A presque tous les carrefours, les croix votives veillent sur le voyageur : simples croix de pierre, de bois, ce ne sont pas des témoignages d’affirmation catholique, mais plutôt des talismans contre les douleurs, celles engendrées par des guerres de Vendée, les combats de la Révolution, qui ont martyrisé ce pays, déchiré des familles il n’y a en fait pas si longtemps.

 

 

 

Quoi, deux cent, deux cent cinquante ans, rien ! Aujourd’hui, personne ne comprend plus le sens de ces signaux, et le lierre, la mérule, et les lichens font oublier le sang autrefois versé. Plus que jamais, maudite soit la guerre ! Toutes les guerres !

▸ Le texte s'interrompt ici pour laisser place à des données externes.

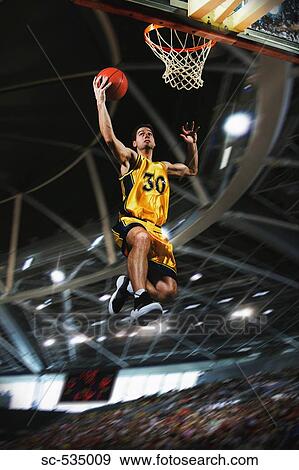 Stock Photo - Basketball player jumping in air. Fotosearch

Treize heure trente. Repartir sous la canicule. Est-ce bien raisonnable ? S’hydrater, se couvrir, s’aérer au souffle du Nordet. Mourir ici, ce serait finalement absurde, et au fond pas si mal. Non, avancer. Passer encore un nouveau « sommet », au-dessus de Saint Georges sur Erve, le hameau de Montsavannier, le bout du monde, je craignais que le chemin noir ait disparu : par chance, il existe. Les moucherons font un feu d’artifice sous le noir berceau des aubépines. 

 

 

 

 

 

 

 

 

 

Basculer vers mon but, Sainte Gemmes. Rencontrer le bonheur d'un ruisseau, se jeter dans le maigre courant pour revivre, s’inonder d’eau fraiche à l’abri des regards, être un enfant, encore.